Sedfrey Ordoñez was raised in rural Nueva Ecija by parents of modest means. He studied in public schools, doing farm work and small jobs to help in the family’s finances. His friends were children of farmers and his early teachers his parents and neighbor farmers. His father owned a homestead, and the young Sedfrey’s days were filled with hunting, fishing, swimming, with school a long way down in the list of his youthful priorities.

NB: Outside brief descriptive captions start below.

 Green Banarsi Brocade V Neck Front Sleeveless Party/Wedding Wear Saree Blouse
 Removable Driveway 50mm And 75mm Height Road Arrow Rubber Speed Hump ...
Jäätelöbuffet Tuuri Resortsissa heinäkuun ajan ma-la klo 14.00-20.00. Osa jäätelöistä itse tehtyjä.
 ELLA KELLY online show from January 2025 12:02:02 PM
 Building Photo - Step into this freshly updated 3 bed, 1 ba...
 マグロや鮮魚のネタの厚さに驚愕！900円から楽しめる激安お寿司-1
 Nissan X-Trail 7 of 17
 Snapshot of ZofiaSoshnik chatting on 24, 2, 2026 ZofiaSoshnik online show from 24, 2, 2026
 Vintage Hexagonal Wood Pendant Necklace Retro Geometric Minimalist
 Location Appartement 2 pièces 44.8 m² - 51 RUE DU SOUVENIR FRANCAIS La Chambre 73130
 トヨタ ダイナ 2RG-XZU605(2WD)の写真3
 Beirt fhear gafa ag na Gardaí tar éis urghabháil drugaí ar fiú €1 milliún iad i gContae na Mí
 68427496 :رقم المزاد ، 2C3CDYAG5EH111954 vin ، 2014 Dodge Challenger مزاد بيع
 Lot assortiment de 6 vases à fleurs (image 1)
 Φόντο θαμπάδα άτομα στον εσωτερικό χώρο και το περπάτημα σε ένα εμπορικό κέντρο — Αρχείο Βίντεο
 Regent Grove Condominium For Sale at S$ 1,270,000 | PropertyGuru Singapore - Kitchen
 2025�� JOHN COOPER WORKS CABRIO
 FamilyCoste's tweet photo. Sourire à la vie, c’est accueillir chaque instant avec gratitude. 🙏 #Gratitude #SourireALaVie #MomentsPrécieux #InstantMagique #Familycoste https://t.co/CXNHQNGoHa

He studied liberal arts at the University of the Philippines in Manila, then law at the Far Eastern University and Manuel L. Quezon Law School. He worked between classes, including helping out in his cousin’s slipper-making shop. He did not complete his law degree, but he was allowed to take the bar and was one of the top ten in his batch of examinees.
He first practised law with famed lawyers Jovito Salonga and Pedro Yap. Then in 1970, he was elected delegate of his home province to the 1971 Constitutional Convention. Sedfrey was among the minority who opposed the manipulation by Ferdinand Marcos of the 1973 Constitution in an attempt to perpetuate himself in power. Sedfrey also opposed the sham ratification of the constitution through citizens’ assemblies. Later he defended a fellow member of the Constitutional Convention, Eduardo Quintero, who was harassed by the Marcos government after he (Quintero) revealed that the Marcoses were paying off a significant number of members of the convention. When Marcos imposed martial law in the country and proceeded to arrest his political opponents as well as critics and activists, Sedfrey handled more civil rights cases, including the high-profile case of Senator Benigno Aquino Jr. He also joined such organizations as the Civil Liberties Union (CLU) and the Integrated Bar of the Philippines (IBP). Sedfrey became an active member of the IBP’s Human Rights and Due Process, and Legal Aid.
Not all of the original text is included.